In questo scenario, allora, che caratteristiche assume la lotta di classe? – si è chiesto il prof. Mazza. Alcuni osservatori affermano che tale concetto è del tutto desueto, dal momento che non esistono nemmeno le classi sociali, a causa dell’omologazione dei consumi e dei bisogni. In parte ciò è vero, ed è vero che non si può parlare di una classe omogenea con una forte coscienza di sé e dei propri diritti. Persino a livello politico mancano i partiti che rappresentano chiaramente gli interessi di una data classe sociale.

Tuttavia – ha ribadito il docente – una lotta di classe esiste ed è condotta dall’alto, cioè dalle élites, attraverso strumenti nuovi. Tra questi il più significativo è una politica fiscale che prevede sgravi fiscali a favore dei ricchi e la riduzione delle imposte a vantaggio delle società e delle imprese.

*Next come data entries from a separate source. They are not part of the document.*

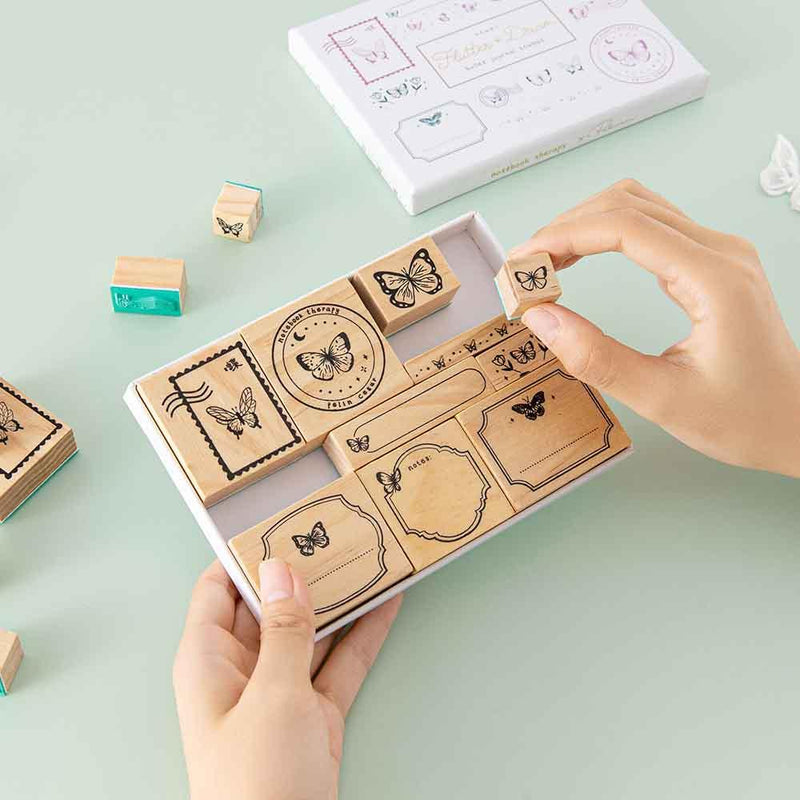 Tsuki ‘Flutter + Dream’ Bullet Journal Stamp Set by Notebook Therapy x Pelinkan held in hands in mint background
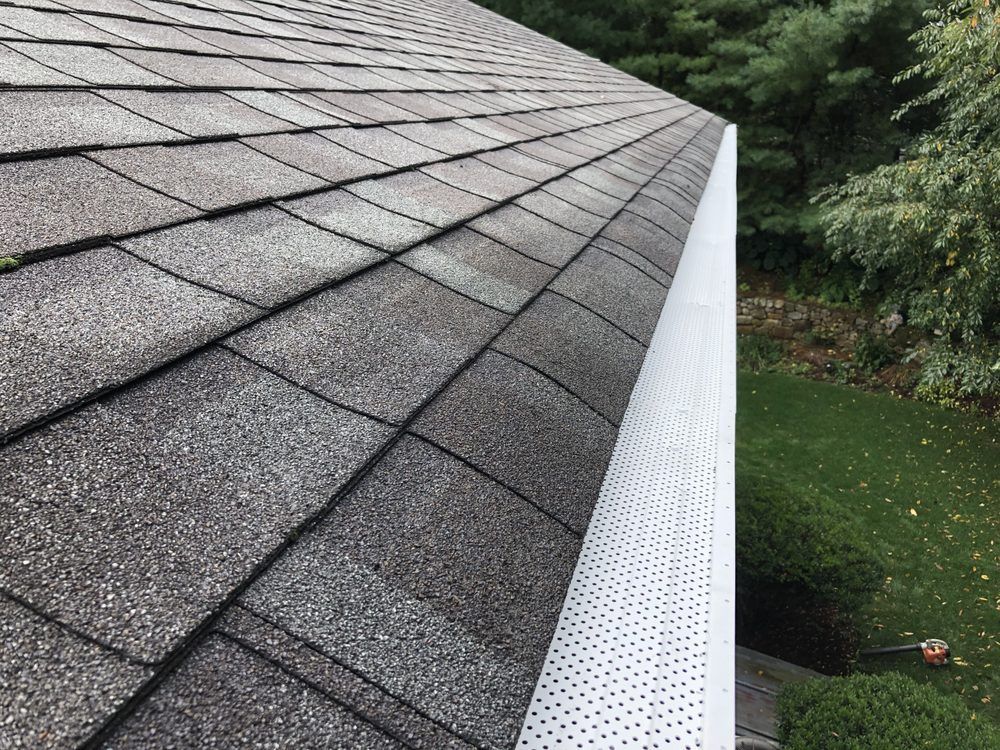 Close-up of a roof with gray asphalt shingles and a white gutter with small holes, viewed from above.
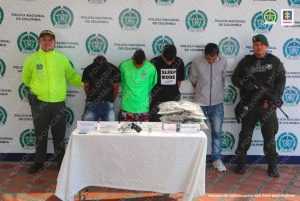 Se observan cuatro hombres detenidos, de frente y en fila. A cada costado de la fila un uniformado de Policía Nacional. Atrás un pendón de Policía Nacional. Al frente una mesa en donde están ubicados los elementos incautados en diligencias de allanamiento.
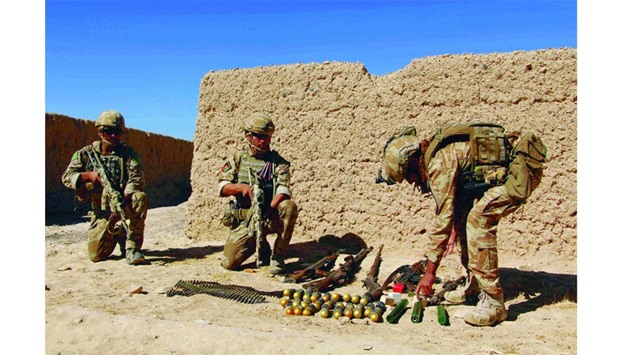 Afghan National Army commandos take position during an ongoing battle between Taliban militants and Afghan security forces in Helmand province yesterday.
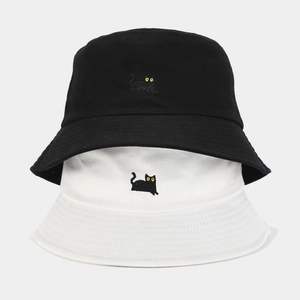 Chic cotton bucket hats in black and white featuring cute black cat embroidery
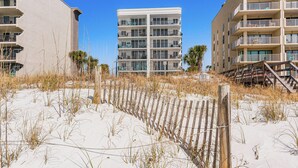 A beachfront hotel with multiple balconies and a sandy beach in the foreground. - Waterfront Fort Walton Beach Condo: Pool Access! (Fort Walton Beach)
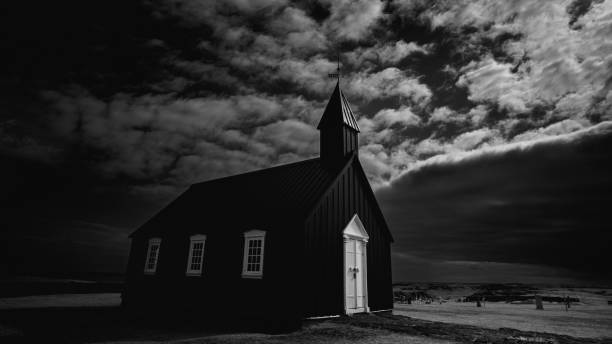 istock Dramatic grayscale shot of a chapel under a cloudy sky 1432198204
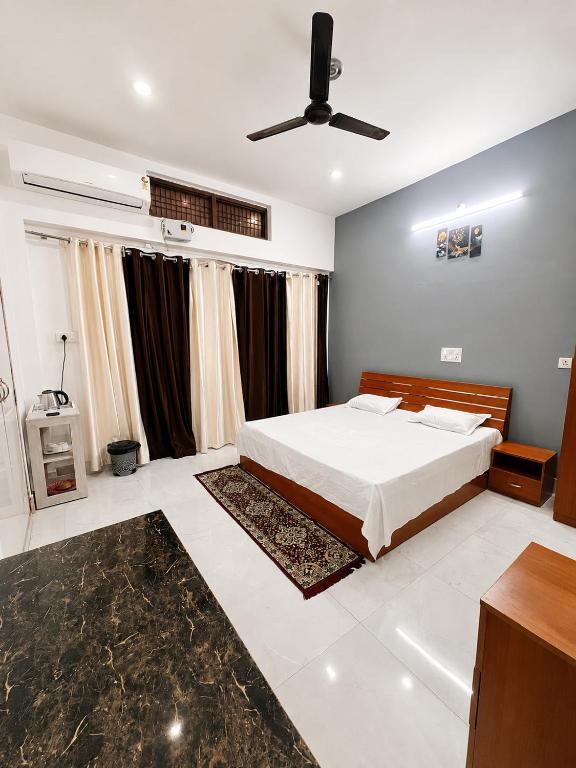 a bedroom with a bed and a ceiling fan at Ramaya Retreat Ayodhya in Faizābād
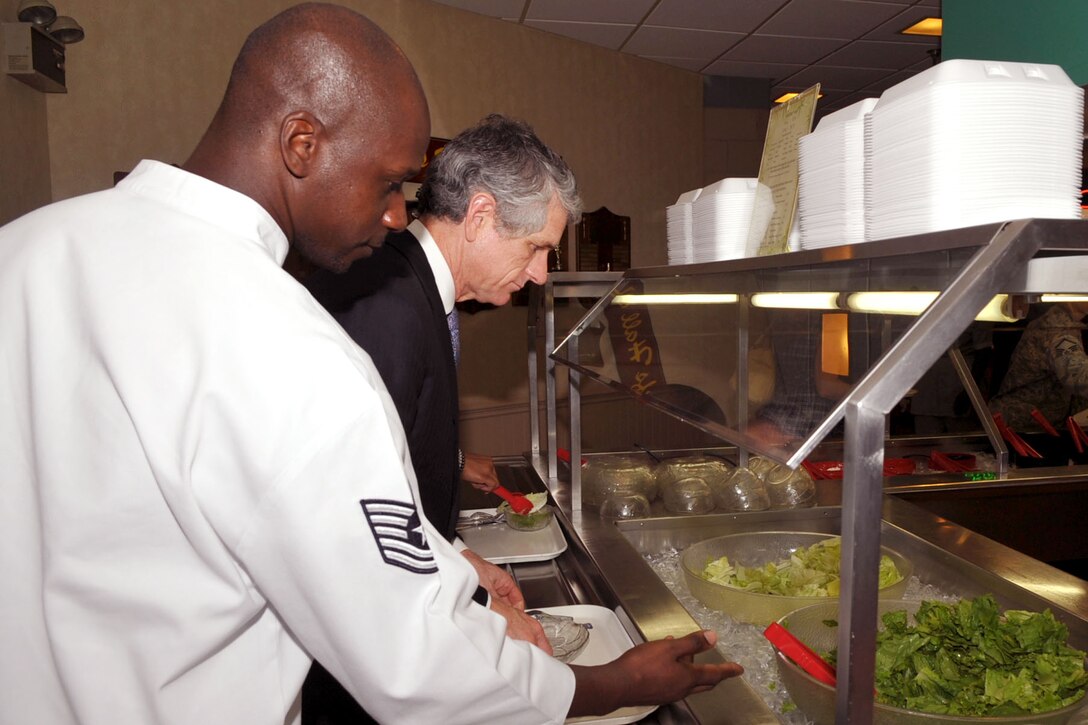 U.S. Air Force Tech. Sgt. Mitchell Scott, 633rd Force Support Squadron dining facility assistant manager, shows U.S. Rep. Scott Rigell around the Crossbow Dining Facility at Langley Air Force Base, Va., Sept. 29, 2011.  Rigell visited Langley to dine with Airmen and speak to them about issues affecting their lives.  (U.S. Air Force photo by Staff Sgt. Logan Tuttle/Released)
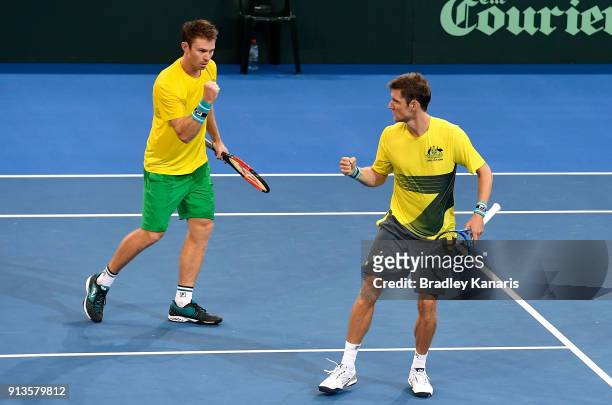 Matt Ebden and John Peers of Australia celebrate winning the fourth set in the doubles match against Jan-Lennard Struff and Tim Putz of Germany...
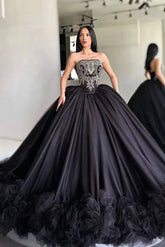Black strapless ball gown with lace applique bodice and ruffled tulle skirt, front view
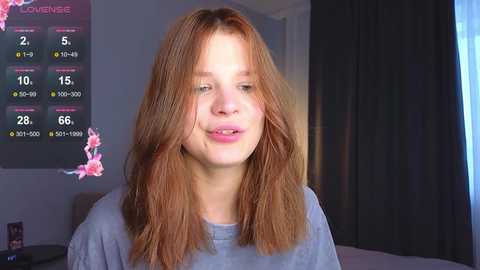 Media: Video of a young woman with light skin and shoulder-length auburn hair, smiling, wearing a gray t-shirt, in a dimly lit room with a TV displaying weather and cherry blossom decorations.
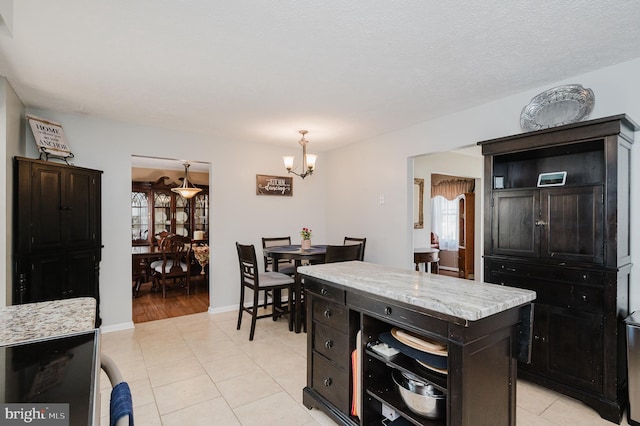 kitchen featuring light stone counters, decorative light fixtures, a notable chandelier, light tile patterned floors, and baseboards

L’assunto delle politiche liberiste in auge, infatti, è diminuire le tasse ai ricchi in modo da garantire loro un margine maggiore per gli investimenti, che dovrebbero aumentare la produzione e l’occupazione. Ma in realtà non succede così, perché questo margine ottenuto dalle corporations è una fetta di rendita usata nei canali finanziari e non immessa nell’economia reale.

Ecco, quindi, la coesistenza di masse enormi di capitali che si spostano facilmente da una parte all’altra del mondo,  e di tassi elevatissimi di disoccupazione. Queste politiche fiscali neo liberiste, inoltre, hanno l’effetto di essiccare i bilanci pubblici e perciò inducono gli Stati a intaccare la spesa pubblica, riducendo i servizi e i benefici per i cittadini. Un altro strumento utilizzato da queste élites economiche per condurre la loro lotta sociale – per garantirsi posizioni di reddito sempre più elevate – è la delocalizzazione delle imprese dove il costo del lavoro è molto basso. Questo fenomeno, però, impoverisce il Paese da cui si delocalizza perché lo de-industrializza, impoverendo anche i lavoratori che vedono eroso il loro potere d’acquisto. In questo sistema la classe media è sempre più risucchiata verso il basso, e va ad ingrossare le fila dei poveri. La società appare bloccata, non ha più quella mobilità che permetteva di salire la scala sociale e migliorare le condizioni di vita dei lavoratori.

Infine – ha sottolineato Mazza – se si leggono con attenzione le grandi disuguaglianze economiche, si può intravedere una lotta della classe media per resistere e non scivolare verso il basso; una lotta tra poveri che devono sopravvivere e non hanno più nemmeno una coscienza di classe che li faccia sentire coesi; e infine una lotta delle élites delle multinazionali e delle corporations finanziarie per difendere le loro posizioni di privilegio e di grande ricchezza, a danno della porzione più povera e svantaggiata della società.